TASK STATEMENT:
An exact transcript is needed of the material below, beginning at the line that contains "[Image: IMG-9163.jpg]" and continuing through its last line; nothing else should appear.

- - - - -

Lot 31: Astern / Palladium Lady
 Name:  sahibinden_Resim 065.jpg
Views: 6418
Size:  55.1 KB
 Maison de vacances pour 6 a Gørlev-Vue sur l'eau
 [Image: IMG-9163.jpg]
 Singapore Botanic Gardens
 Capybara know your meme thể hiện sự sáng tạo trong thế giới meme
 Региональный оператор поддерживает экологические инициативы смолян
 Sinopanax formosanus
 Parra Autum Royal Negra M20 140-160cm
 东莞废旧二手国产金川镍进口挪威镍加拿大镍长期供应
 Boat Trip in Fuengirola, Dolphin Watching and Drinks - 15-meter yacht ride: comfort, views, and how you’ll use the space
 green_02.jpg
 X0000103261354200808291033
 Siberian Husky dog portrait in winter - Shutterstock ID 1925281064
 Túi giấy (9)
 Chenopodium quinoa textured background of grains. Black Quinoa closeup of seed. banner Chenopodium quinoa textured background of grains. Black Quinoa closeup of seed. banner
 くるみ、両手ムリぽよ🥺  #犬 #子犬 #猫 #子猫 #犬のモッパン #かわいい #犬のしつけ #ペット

- - - - -

WRITTEN ANSWER:
 [Image: IMG-9163.jpg]
 Singapore Botanic Gardens
 Capybara know your meme thể hiện sự sáng tạo trong thế giới meme
 Региональный оператор поддерживает экологические инициативы смолян
 Sinopanax formosanus
 Parra Autum Royal Negra M20 140-160cm
 东莞废旧二手国产金川镍进口挪威镍加拿大镍长期供应
 Boat Trip in Fuengirola, Dolphin Watching and Drinks - 15-meter yacht ride: comfort, views, and how you’ll use the space
 green_02.jpg
 X0000103261354200808291033
 Siberian Husky dog portrait in winter - Shutterstock ID 1925281064
 Túi giấy (9)
 Chenopodium quinoa textured background of grains. Black Quinoa closeup of seed. banner Chenopodium quinoa textured background of grains. Black Quinoa closeup of seed. banner
 くるみ、両手ムリぽよ🥺  #犬 #子犬 #猫 #子猫 #犬のモッパン #かわいい #犬のしつけ #ペット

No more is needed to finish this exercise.